If you’re growing in a yard or open space, focus on your size goals and pick an optimal location. You want to pick a spot that will get the right amount of sunlight for the crops you want to grow. You also want an area that has draining abilities, so your plants don’t get flooded.

Picking Your Produce

harvested produce

For optimal growth, it’s important to pick plants that will grow best in the conditions of your site. Pick the plants that will work best in your overall garden, and in specific parts of your garden based on moisture, drainage, light, and soil quality.

If this is your first time gardening or organic gardening, you can try starting out with these easy to grow plants: 

  • Lettuce 
  • Mint
  • Tomatoes
  • Pea Shoots
  • Courgettes
  • Beetroot
  • Onions
  • Strawberries
  • Dwarf French beans

Prepare Your Soil

rake tending the soil

Once you’ve got the perfect garden site picked, it’s time to get your soil ready. Different soils have varied nutrient levels and components, and these all affect the plants you grow, so it’s important to test your soil for quality.

Using your test kit will give you the best information on your soil composition, but if you want, you can try testing your soil by hand too. To do this, grab a handful of soil and give it a tight squeeze. When you open your hand, an optimal quality soil will keep its shape and crumble when you gently poke it.

Whatever soil you’re working with, it’s important to give it a nutrient boost before you plant. For the best growing soil, mix in some compost, manure, and leaf and grass clippings. If you don’t have enough soil, you can also purchase some organic soil.

Get Planting 

soil

The last step of starting an organic garden is the best part! Now you get to start planting. If you're planting seedlings, dig a hole that’s as deep as and twice as wide as the roots, place your plant in the hole and fill with the soil you removed. For seeds, you don’t have to dig as deep or wide.

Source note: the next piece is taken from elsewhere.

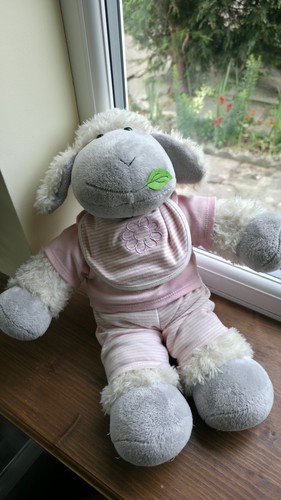 Bear factory sheep lamb - factory, plush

It’s a good idea to keep similar plants grouped together to reduce weeding and watering waste. It’s also a good idea to keep space between your grouped rows to increase air circulation and reduce fungal growth. 

Conclusion

Organic produce has so many health benefits for you and the environment, and the best way to eat organically without the high cost is through gardening organically. Now that you know the benefits of organic gardening and how easily you can start your own, you’re well on your way to better overall health and happiness while helping the planet too.